The North Dakota Game and Fish Department’s Becoming an Outdoors-Woman program is accepting registrations for the annual summer workshop Aug. 8-10 at Lake Metigoshe State Park, Bottineau.
Enrollment is limited to participants age 18 or older. Workshop fees of $150 cover instruction, program materials, use of equipment, all meals and lodging.
Participants can choose from more than 30 programs, including archery, canoeing, firearms, fly-fishing, kayaking, plant identification and trapping.
The North Dakota Game and Fish Department is once again celebrating Earth Day by sponsoring clean-up days on public-owned or managed lands.
While Earth Day was recognized April 22, each member of a school, Girl Scout, Boy Scout, 4-H club or youth organization who participates in cleaning up public lands through May will receive a specifically designed conservation patch.
More than 500 archers registered to compete in the North Dakota National Archery in the Schools Program state tournament April 11-12 in Bismarck.
Jeff Long, NASP coordinator for the State Game and Fish Department, said: “This program continues to grow every year, and all three winning teams committed to go to the national tournament, along with at least three of the top individuals,” Long said, while noting 517 registered this year, up more than 20 percent from last year.
North Dakota Game and Fish Department fisheries biologists are asking anglers for help in documenting lakes that may have experienced winter fish mortality.
Fisheries management section leader Scott Gangl said some winterkill is expected every year, with the severity depending on winter weather conditions.

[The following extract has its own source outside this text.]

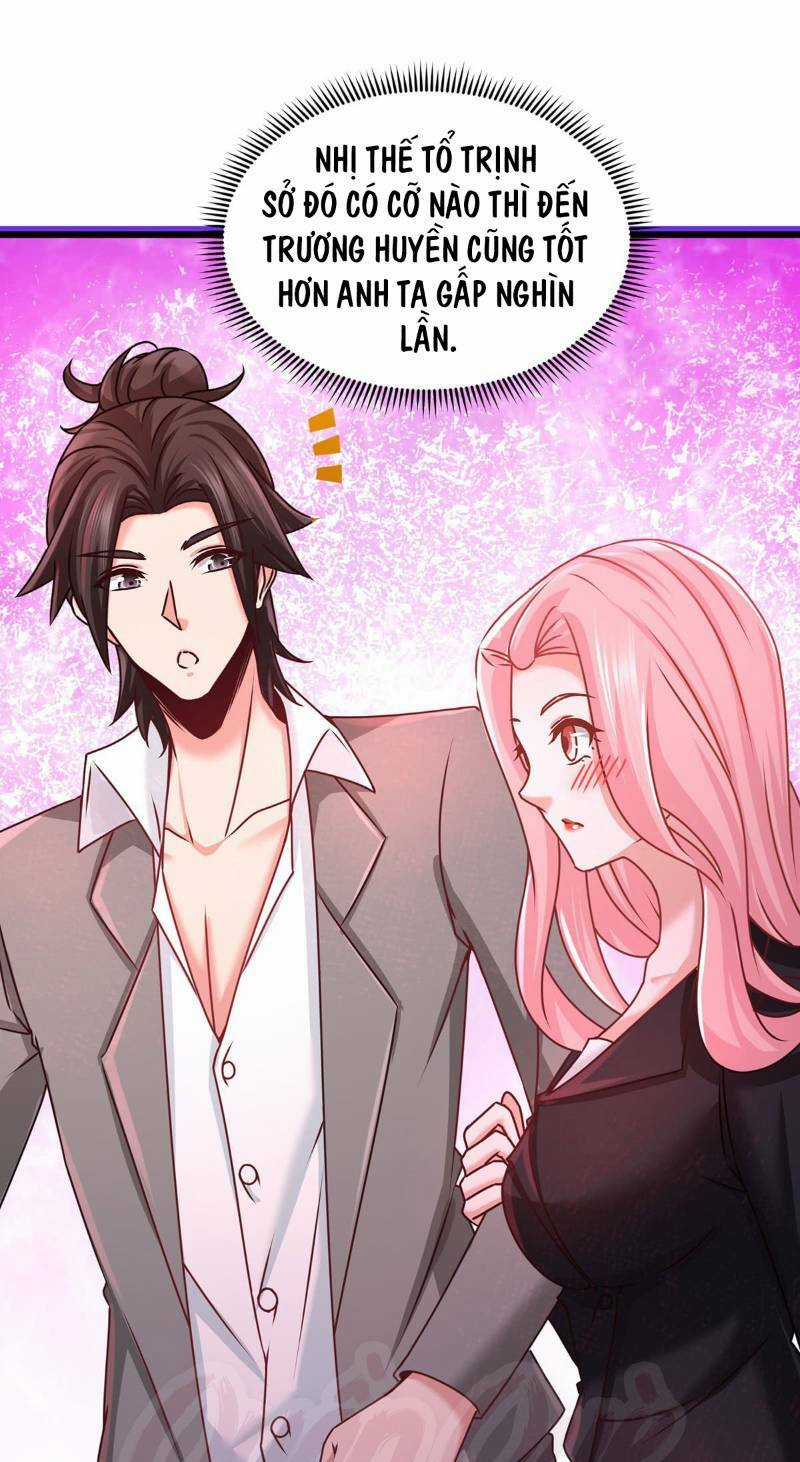 Long Vương Điện Chapter 5 trang 21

The North Dakota Game and Fish Department will continue to implement camping restrictions on some wildlife management areas in western North Dakota and along Lake Sakakawea.

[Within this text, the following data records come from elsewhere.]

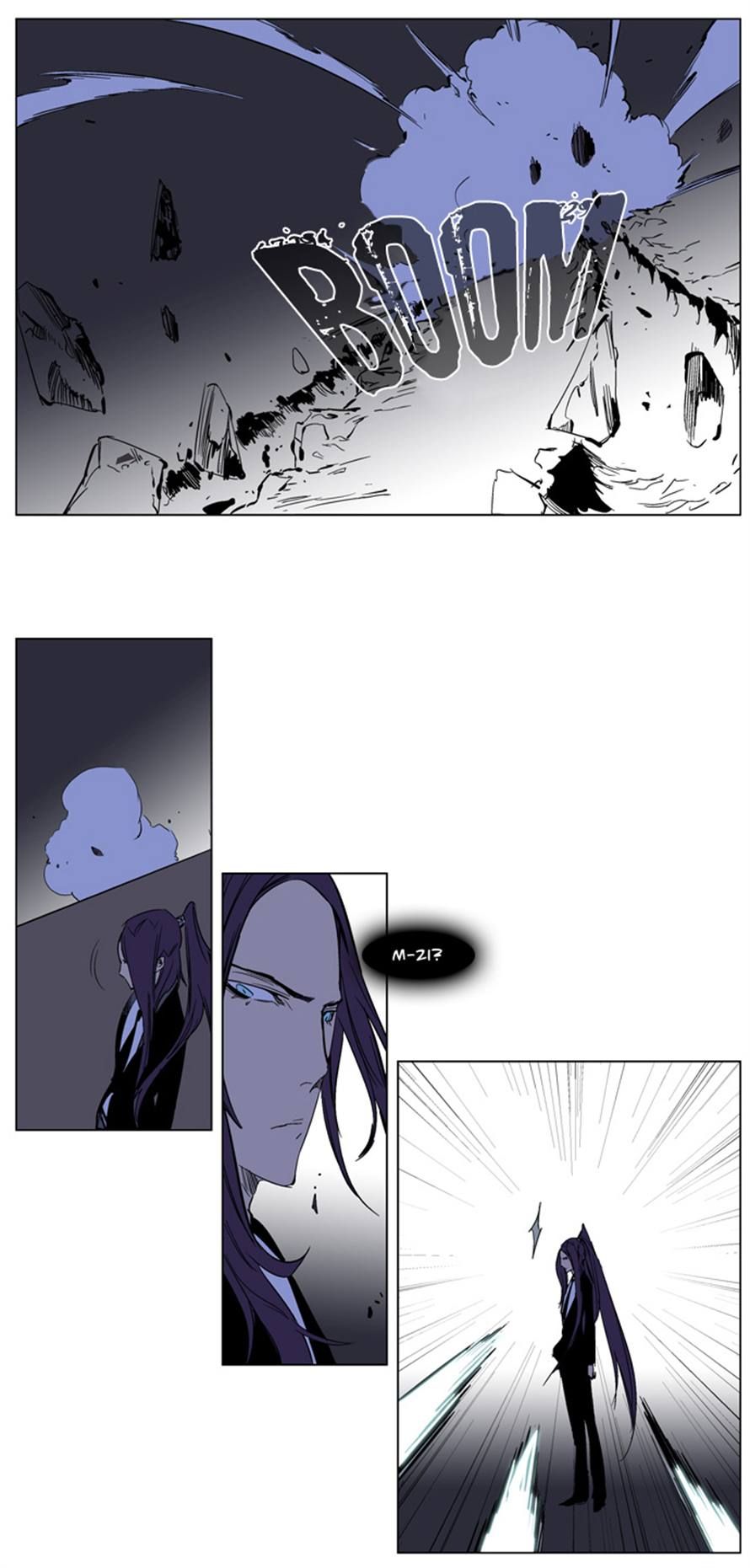 Read Noblesse En Manga Online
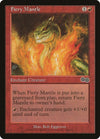 Image for Fiery Mantle (Urza's Saga) (186) - Magic: The Gathering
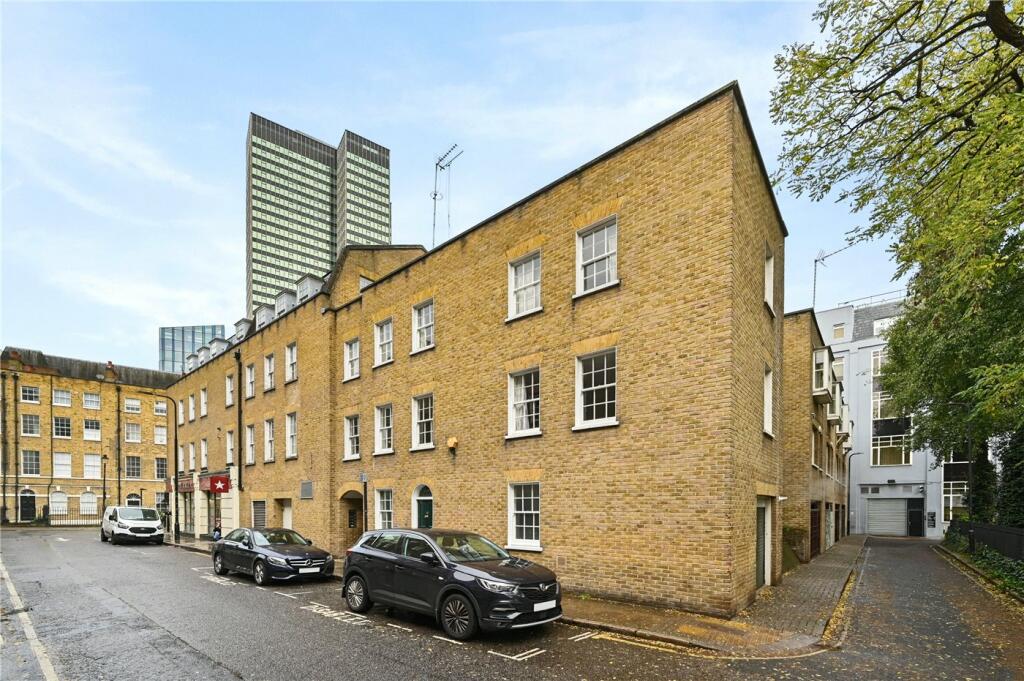 4 bedroom apartment for sale in Whitfield Street, London, W1T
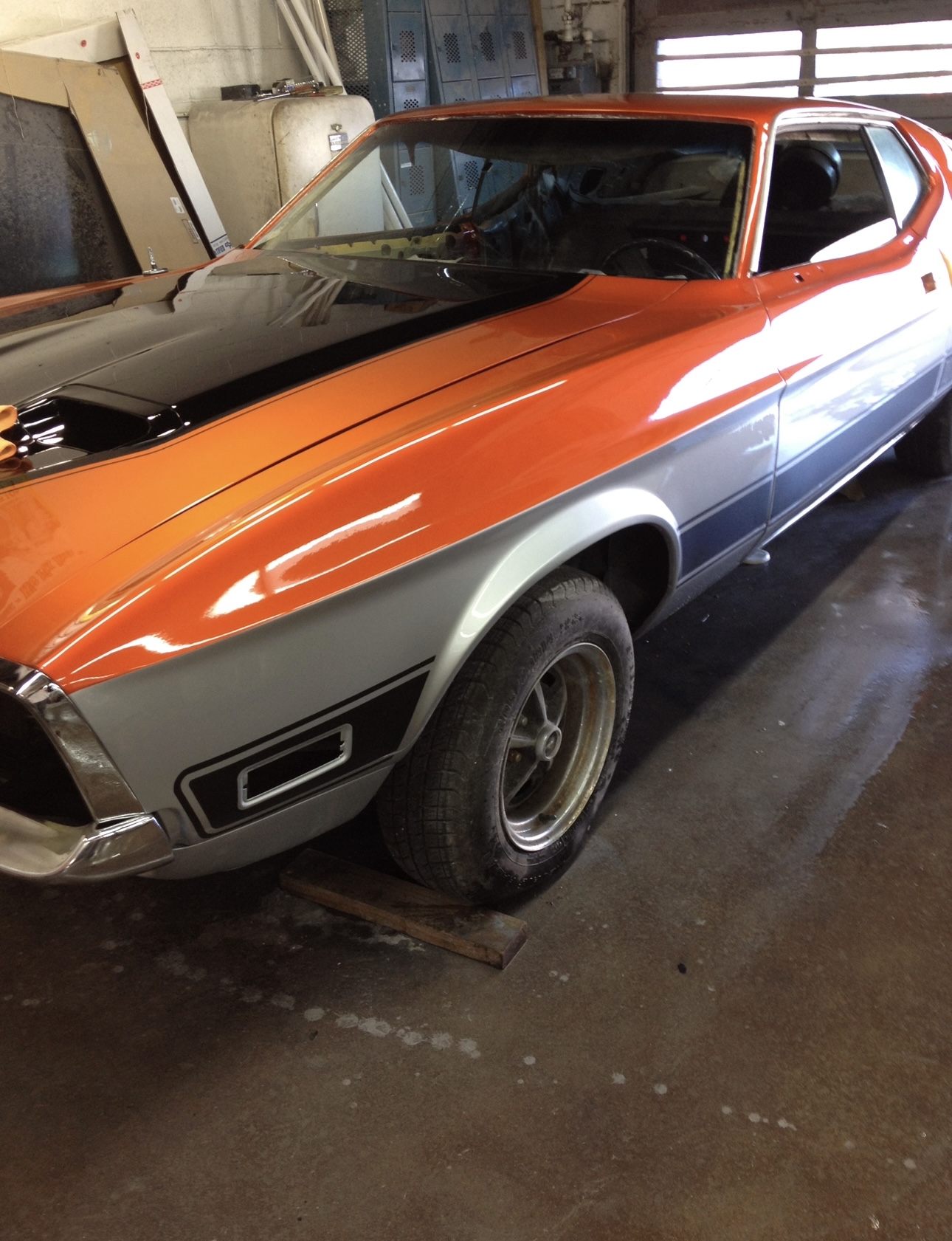 Fix-A-Dent Auto Body of St. Louis repair shop photo 6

Overnight camping is prohibited on the following WMAs: Antelope Creek, Lewis and Clark, Big Oxbow, Ochs Point, Neu’s Point (except campers accessing by boat, and only at the point area), Overlook, Sullivan and Tobacco Garden in McKenzie County; Van Hook in Mountrail County; and Hofflund and Trenton in Williams County.

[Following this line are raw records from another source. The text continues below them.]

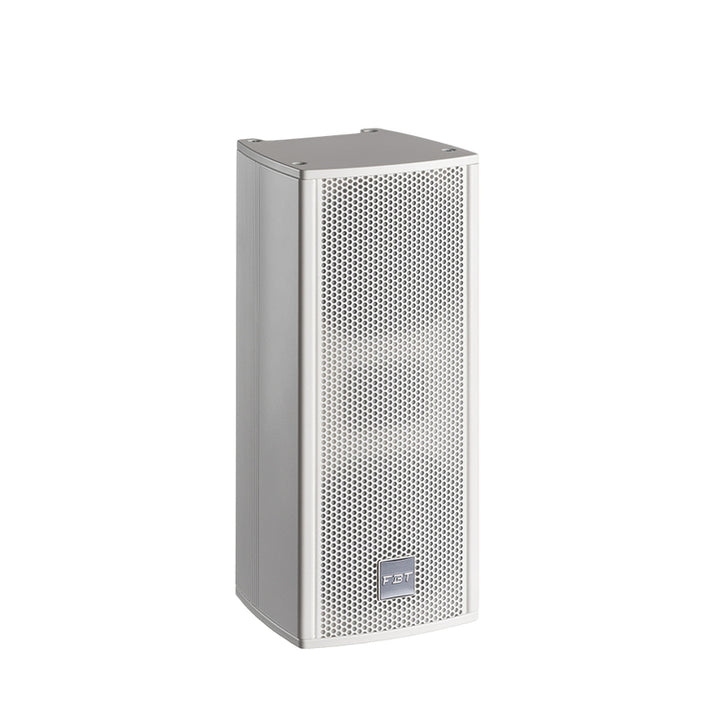 FBT CLA 204 TW 2-way Passive Point Source - 2x4" - 80Wrms - EN54-24 - White - product image 4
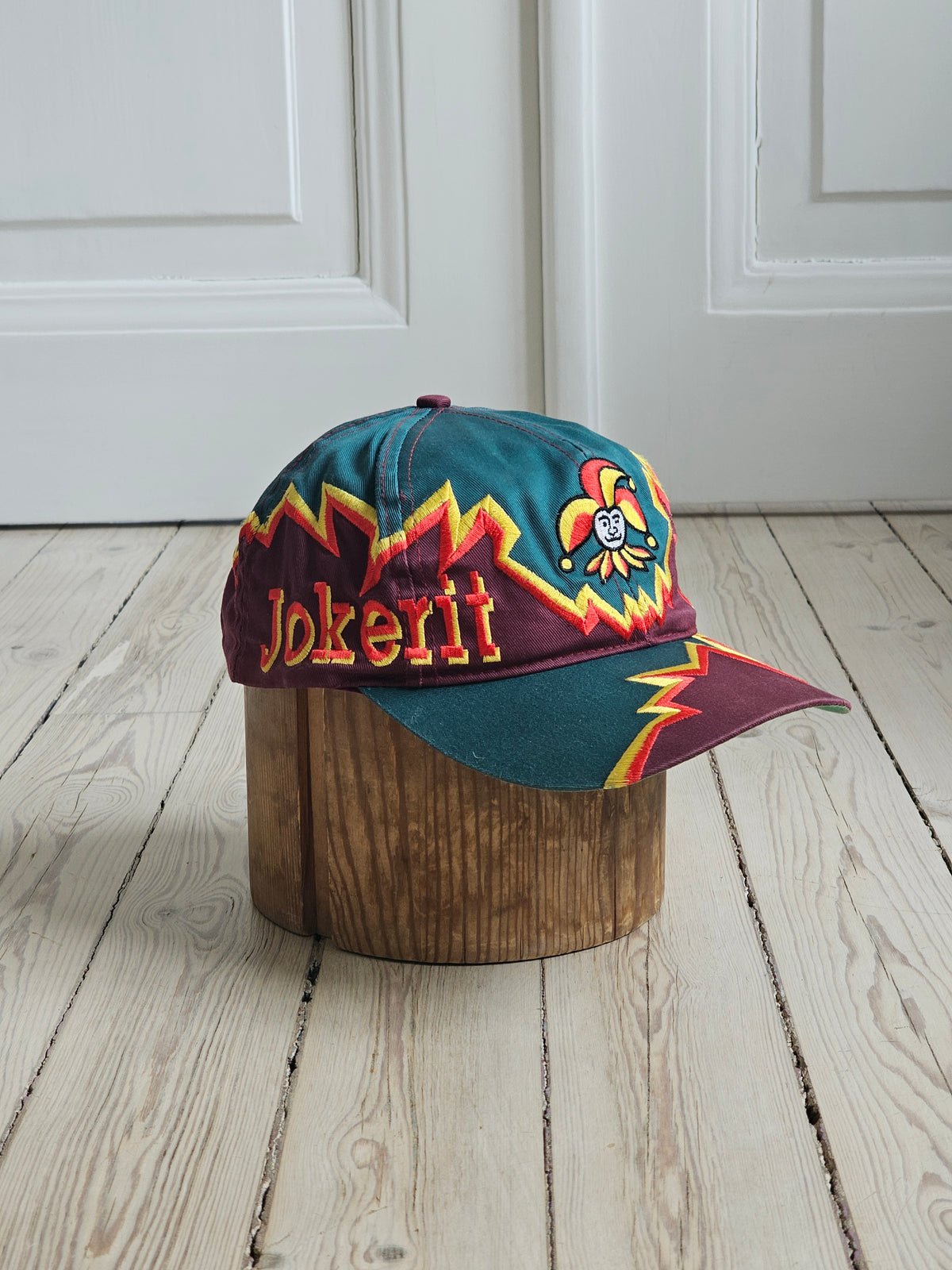 Vintage Liiga lippis Jokerit Helsinki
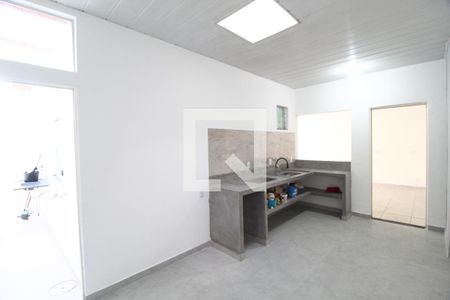 Casa de condomínio para alugar com 94m², 2 quartos e 1 vagaCozinha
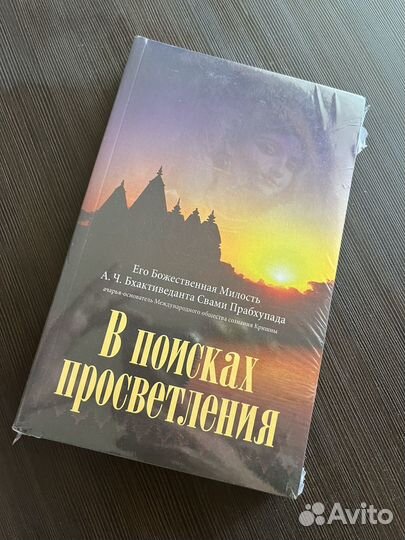 Книга: В поисках просветления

State Game and Fish Director Terry Steinwand has appointed longtime employee Scott Peterson as the agency’s new deputy director.
Peterson, a native of Montpelier in southern Stutsman County, will begin his new position May 1. He has been the Department’s wildlife resource management section leader at the Lonetree district office, located southwest of Harvey, for 22 years.
“Scott has proven his leadership abilities over the years,” Steinwand said. “I look forward to working closely with him on the issues.”
Anglers and boat owners are reminded to review their licenses for the 2014 fishing and boating season.
Anglers must have a 2014-15 fishing license. Fishing licenses can be purchased online at the Game and Fish Department website, gf.nd.gov. A new state law requires residents age 18 or older to prove residency on the application by submitting a valid North Dakota driver’s license number or a North Dakota nondriver photo identification number.
North Dakota’s paddlefish snagging season opens May 1 and is scheduled to continue through the end of the month. However, depending on the overall harvest, an early in-season closure may occur with a 24-hour notice issued by the state Game and Fish Department.
Potential snaggers are reminded that opening day, May 1, falls on a Thursday. Snag-and-release of all paddlefish is required on Sundays, Mondays and Thursdays, so opening day is snag-and-release only.
The next guide and outfitter written examination is May 17 at 1 p.m. at the North Dakota Game and Fish Department office in Bismarck. The test is given periodically to anyone interested in becoming a hunting guide or outfitter in the state.
In addition to passing a written exam, qualifications for becoming a guide include a background check for criminal and game and fish violations; certification in cardiopulmonary resuscitation and standard first aid; and employment by or contract with a licensed hunting outfitter.
The North Dakota Game and Fish Department’s annual bighorn sheep survey revealed a minimum of 293 bighorn sheep in western North Dakota, virtually unchanged from the previous count of 297.
In total, biologists counted 85 rams, 159 ewes and 49 lambs. Not included are 24 bighorn sheep introduced from Alberta in February, and approximately 30 bighorns in the North Unit of Theodore Roosevelt National Park.
Confiscated hunting and fishing equipment will be sold Saturday, May 3 at the North Dakota Wildlife Federation’s Report All Poachers auction in Minot. The auction is scheduled for 2 p.m. at the North Dakota State Fair Center’s 4-H hall.
Auction items can be viewed between 12-2 p.m. Items include more than 70 rifles, shotguns and handguns; fishing equipment; bows; knives; spotlights; coolers and other miscellaneous merchandise.